YOUR TASK:
In your copy, leave out the pictures and repeat the entries below exactly.

(Short web captions)
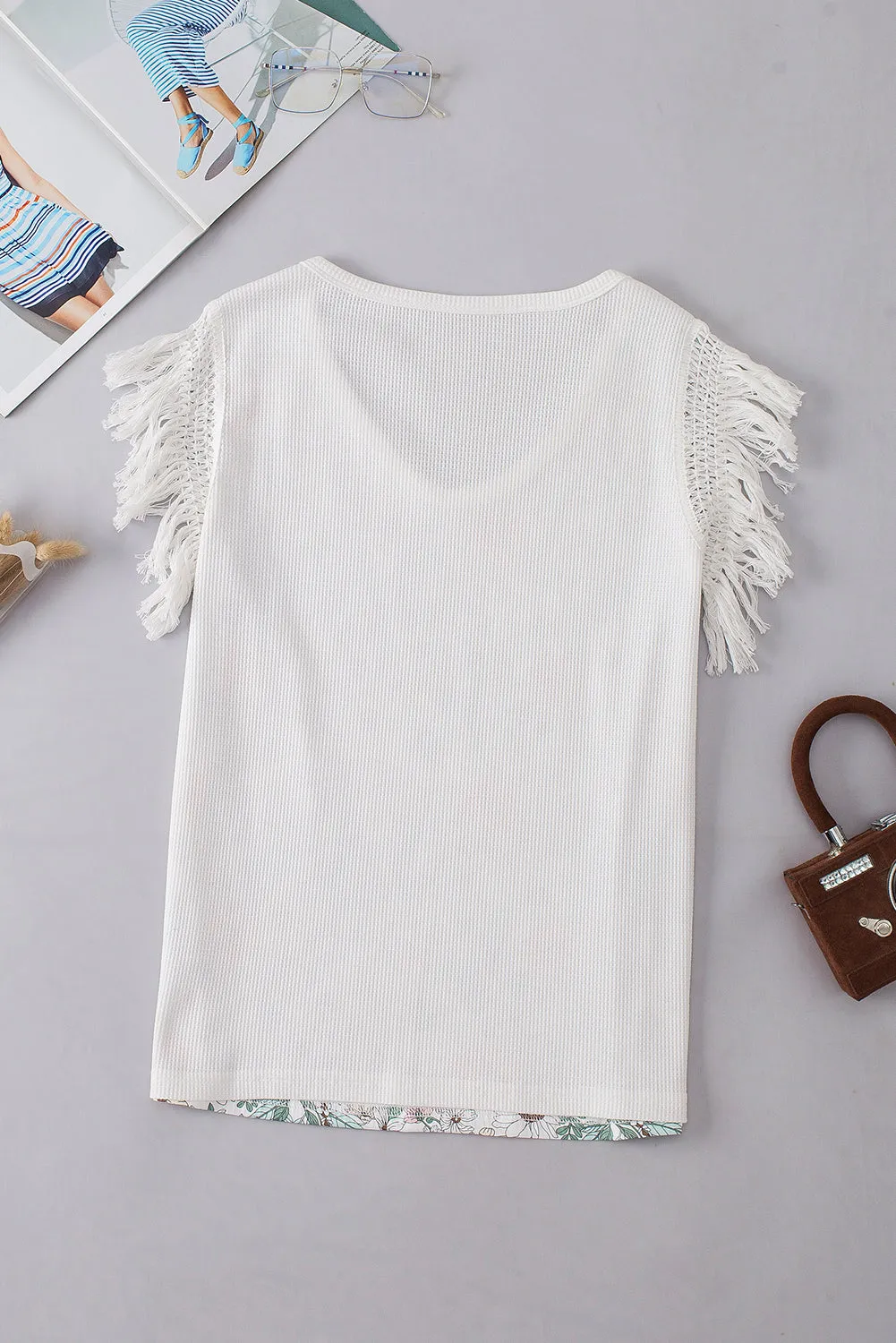 Summer Garden Top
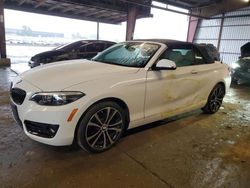 2020 BMW 230I en venta en American Canyon, CA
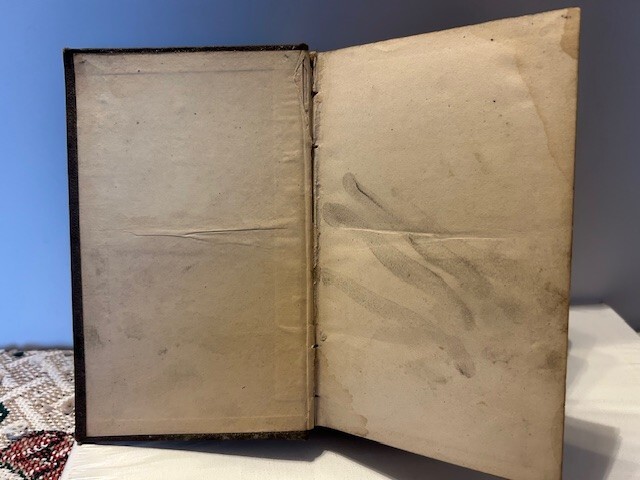 Three Years Wanderings of a Connecticut Yankee C M Welles 1861 Antique Rare HC gallery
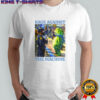 Portland Frog Protest Rage Against The Machine Art political shirt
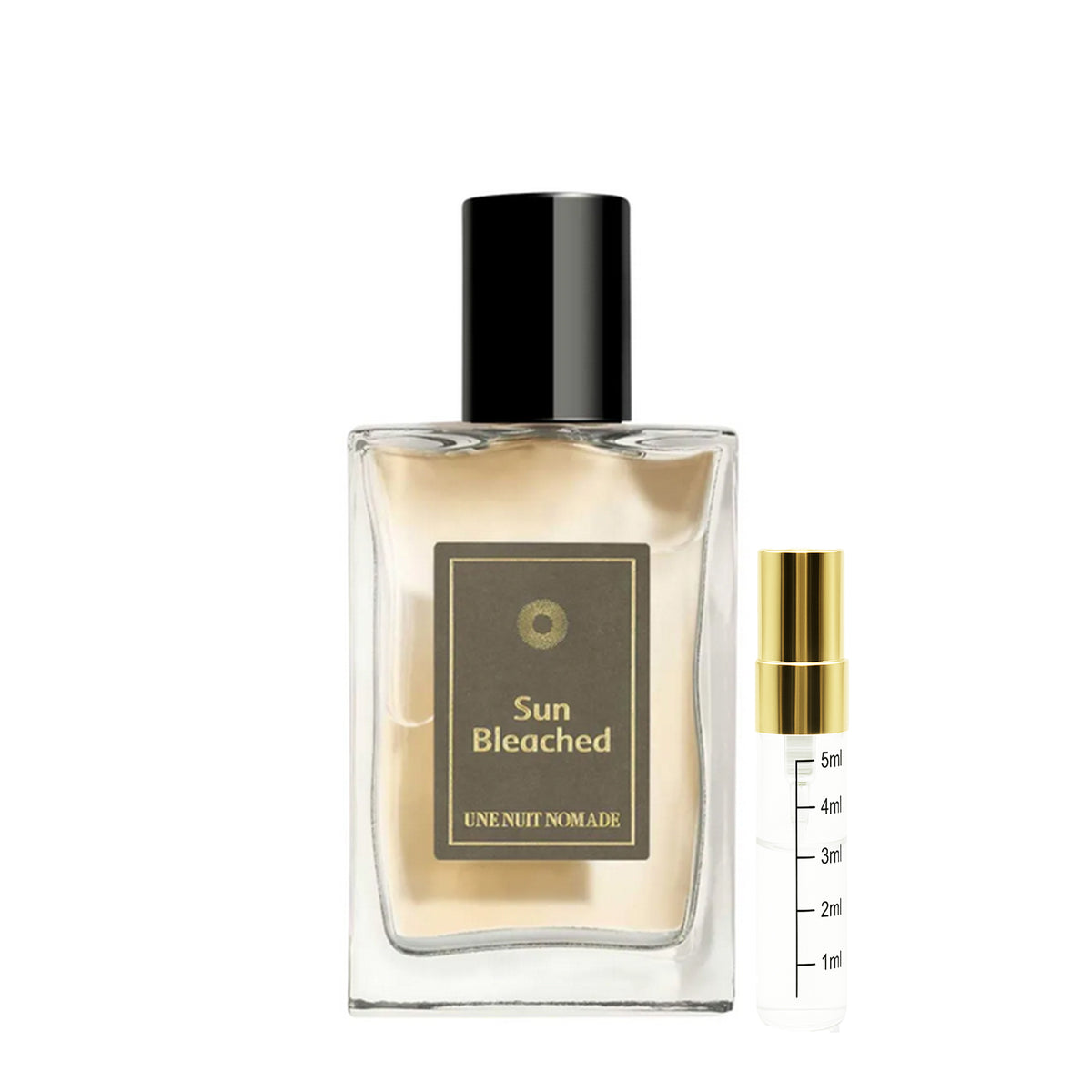 Une Nuit Nomade Sun Bleached - Probe – Originalflakon + 2–5 ml Probenflakon
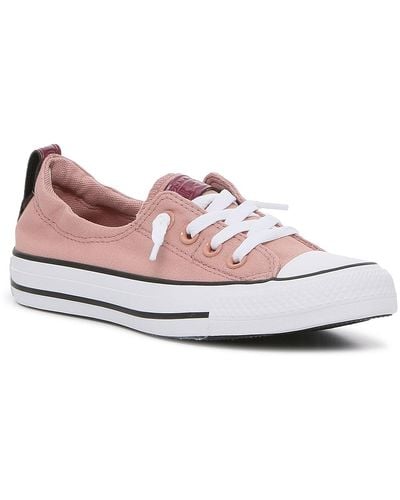 Converse Chuck Taylor Shoreline Slip-on Sneaker - Pink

RESPONSE:
 Summer Garden Top
 2020 BMW 230I en venta en American Canyon, CA
 Three Years Wanderings of a Connecticut Yankee C M Welles 1861 Antique Rare HC gallery
 Portland Frog Protest Rage Against The Machine Art political shirt
 Une Nuit Nomade Sun Bleached - Probe – Originalflakon + 2–5 ml Probenflakon
 Converse Chuck Taylor Shoreline Slip-on Sneaker - Pink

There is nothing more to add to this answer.